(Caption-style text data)
# # # #

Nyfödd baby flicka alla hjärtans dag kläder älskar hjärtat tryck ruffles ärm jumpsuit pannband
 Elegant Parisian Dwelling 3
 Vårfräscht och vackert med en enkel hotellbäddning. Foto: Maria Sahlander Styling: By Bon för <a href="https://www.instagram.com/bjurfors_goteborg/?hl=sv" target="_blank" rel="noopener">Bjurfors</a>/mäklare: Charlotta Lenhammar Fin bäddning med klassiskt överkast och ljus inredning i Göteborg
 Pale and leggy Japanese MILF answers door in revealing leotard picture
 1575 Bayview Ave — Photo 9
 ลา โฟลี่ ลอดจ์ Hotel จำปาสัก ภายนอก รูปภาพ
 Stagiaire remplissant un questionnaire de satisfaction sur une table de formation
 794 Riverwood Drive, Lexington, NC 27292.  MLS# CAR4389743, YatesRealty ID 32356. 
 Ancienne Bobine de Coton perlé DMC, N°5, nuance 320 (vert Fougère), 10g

# # # #

**WHAT YOU HAVE TO DO**
Set down no line except those from the one with "Pale and leggy" to the last line of the data, inclusive, each exactly as written.

**WORKED SOLUTION**
 Pale and leggy Japanese MILF answers door in revealing leotard picture
 1575 Bayview Ave — Photo 9
 ลา โฟลี่ ลอดจ์ Hotel จำปาสัก ภายนอก รูปภาพ
 Stagiaire remplissant un questionnaire de satisfaction sur une table de formation
 794 Riverwood Drive, Lexington, NC 27292.  MLS# CAR4389743, YatesRealty ID 32356. 
 Ancienne Bobine de Coton perlé DMC, N°5, nuance 320 (vert Fougère), 10g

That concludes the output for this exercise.